WHAT YOU ARE ASKED TO DO: Leave the images out and repeat the data exactly as given.

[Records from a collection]
################
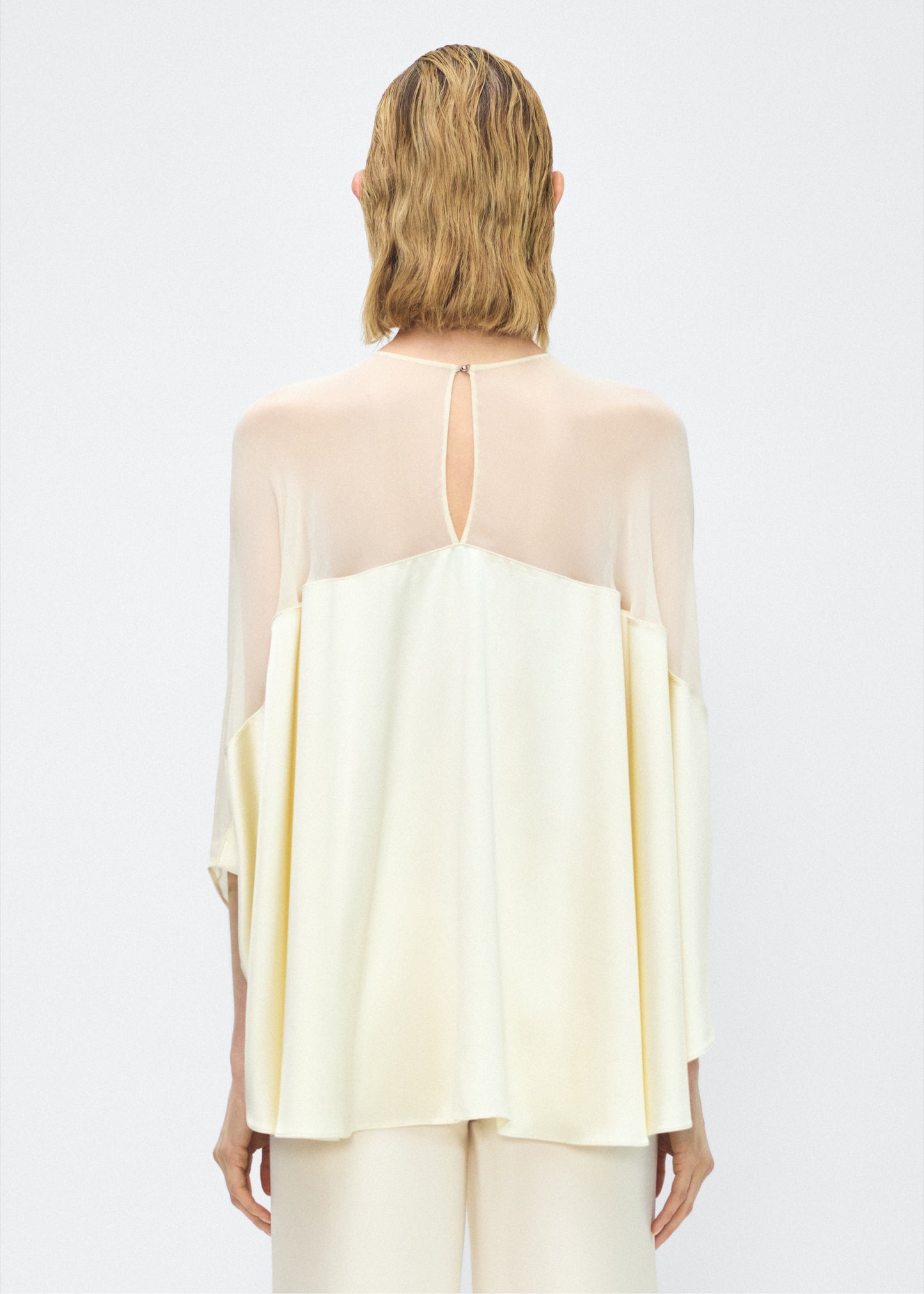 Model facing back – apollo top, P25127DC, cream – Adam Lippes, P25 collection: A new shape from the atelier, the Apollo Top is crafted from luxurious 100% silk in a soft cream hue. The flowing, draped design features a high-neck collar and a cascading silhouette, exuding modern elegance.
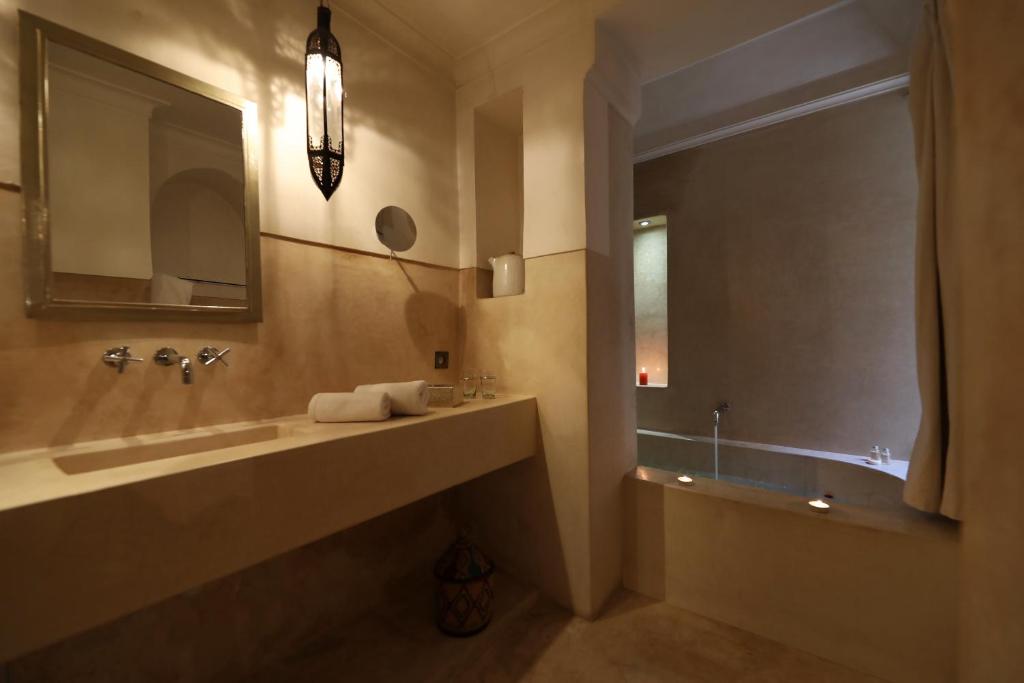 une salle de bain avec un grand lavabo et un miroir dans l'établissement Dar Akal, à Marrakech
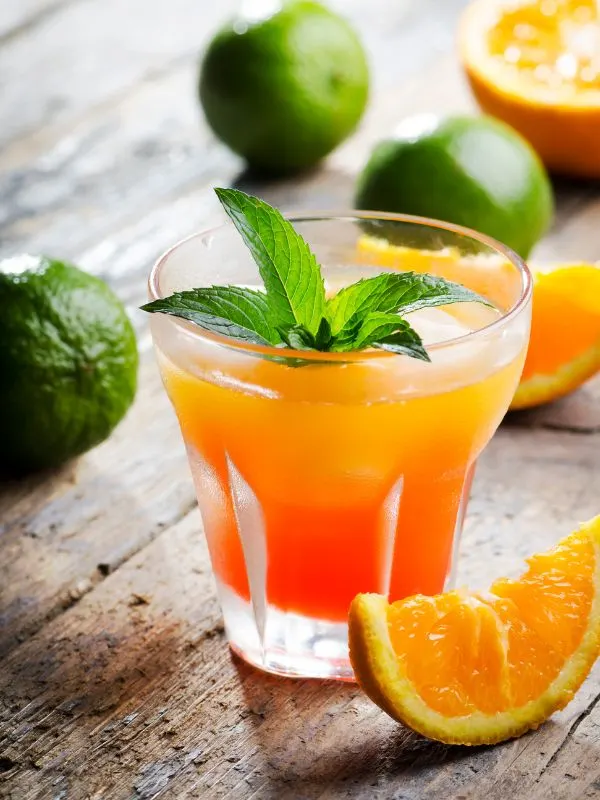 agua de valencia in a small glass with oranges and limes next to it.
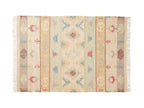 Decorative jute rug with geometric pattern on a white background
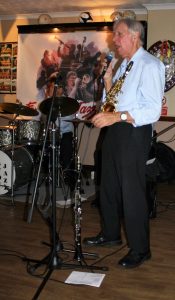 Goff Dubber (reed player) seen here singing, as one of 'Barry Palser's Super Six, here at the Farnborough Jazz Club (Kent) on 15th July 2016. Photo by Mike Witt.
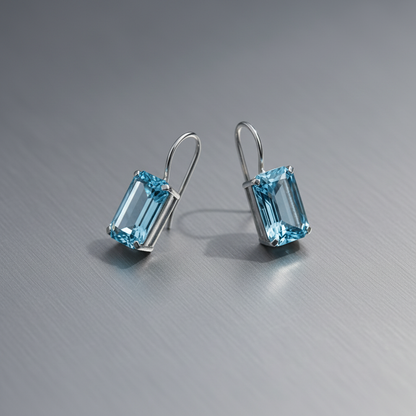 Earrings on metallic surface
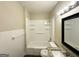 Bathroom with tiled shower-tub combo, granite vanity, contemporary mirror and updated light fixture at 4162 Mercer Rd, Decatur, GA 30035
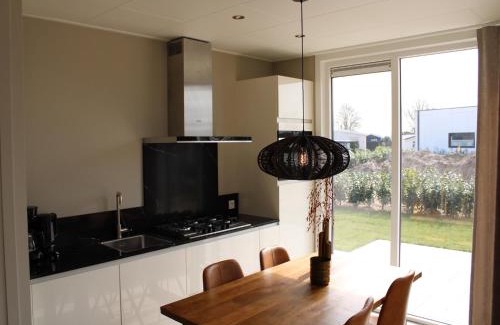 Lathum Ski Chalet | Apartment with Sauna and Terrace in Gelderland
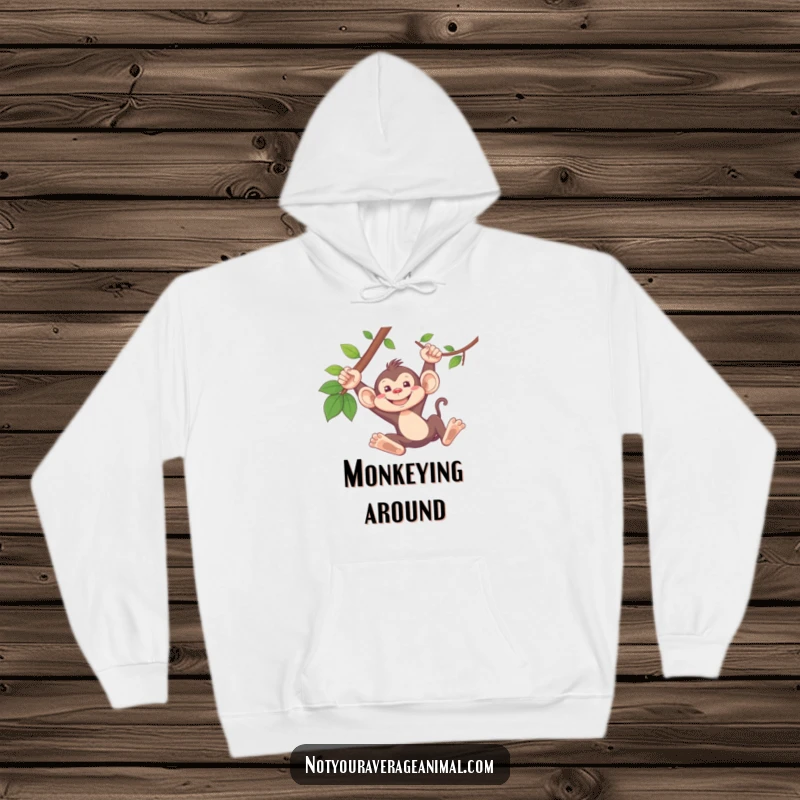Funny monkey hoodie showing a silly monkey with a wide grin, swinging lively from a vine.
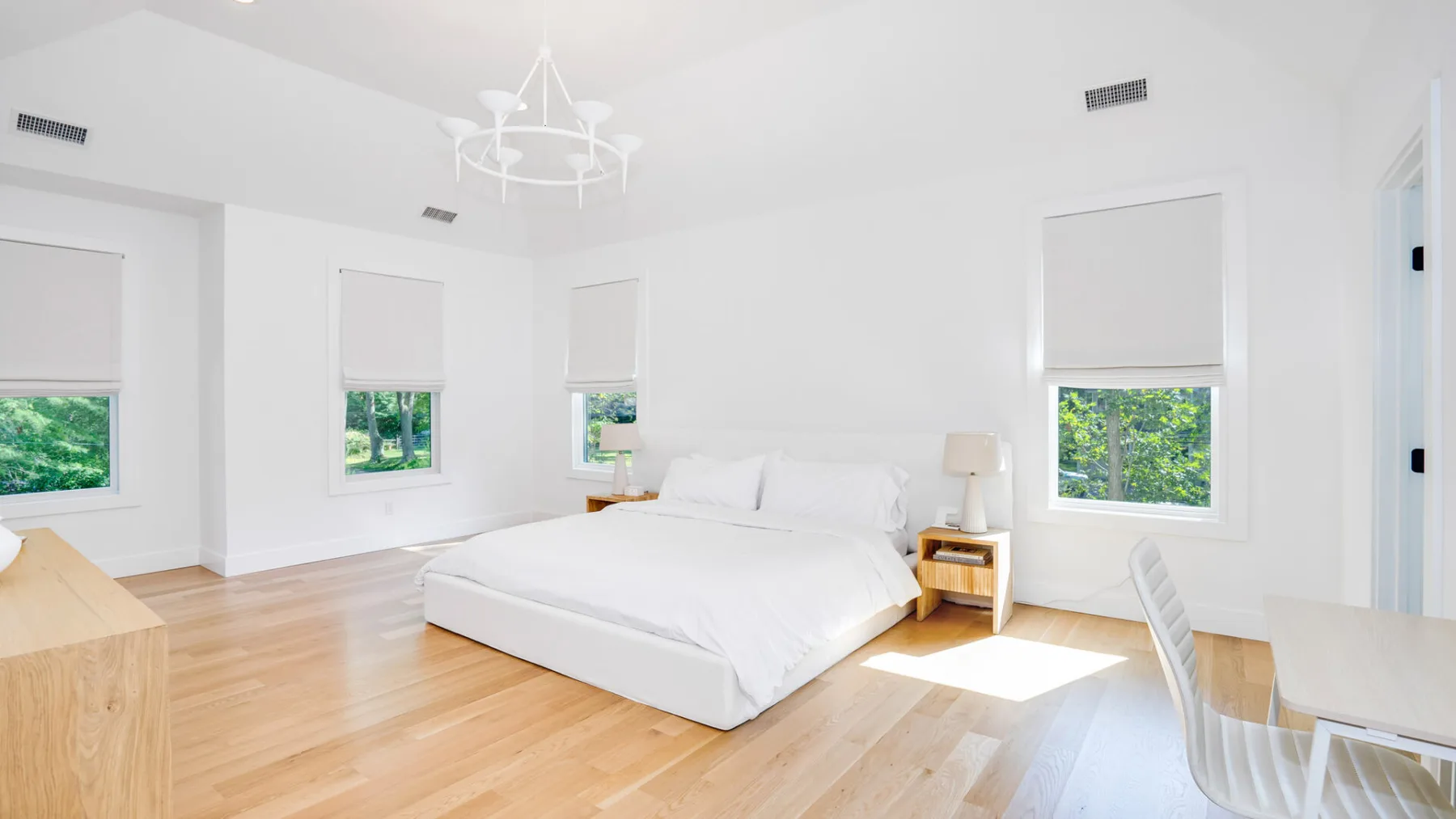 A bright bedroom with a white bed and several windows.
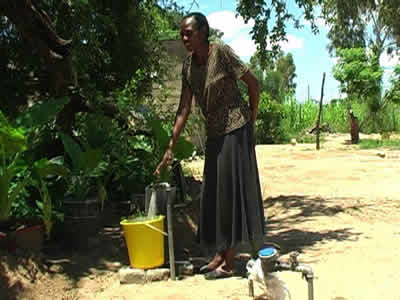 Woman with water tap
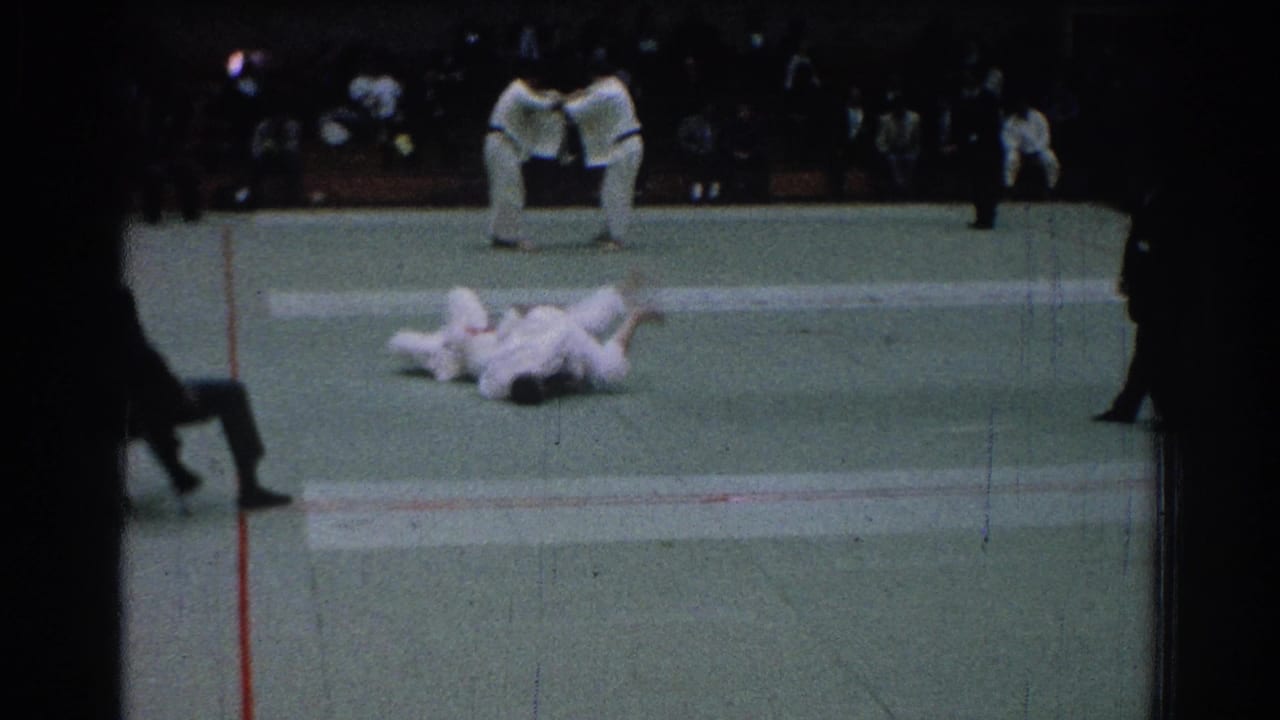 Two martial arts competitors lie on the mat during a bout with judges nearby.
################
RESULT FOR THIS EXERCISE:
 Model facing back – apollo top, P25127DC, cream – Adam Lippes, P25 collection: A new shape from the atelier, the Apollo Top is crafted from luxurious 100% silk in a soft cream hue. The flowing, draped design features a high-neck collar and a cascading silhouette, exuding modern elegance.
 une salle de bain avec un grand lavabo et un miroir dans l'établissement Dar Akal, à Marrakech
 agua de valencia in a small glass with oranges and limes next to it.
 Decorative jute rug with geometric pattern on a white background
 Goff Dubber (reed player) seen here singing, as one of 'Barry Palser's Super Six, here at the Farnborough Jazz Club (Kent) on 15th July 2016. Photo by Mike Witt.
 Earrings on metallic surface
 Bathroom with tiled shower-tub combo, granite vanity, contemporary mirror and updated light fixture at 4162 Mercer Rd, Decatur, GA 30035
 Lathum Ski Chalet | Apartment with Sauna and Terrace in Gelderland
Funny monkey hoodie showing a silly monkey with a wide grin, swinging lively from a vine.
 A bright bedroom with a white bed and several windows.
 Woman with water tap
 Two martial arts competitors lie on the mat during a bout with judges nearby.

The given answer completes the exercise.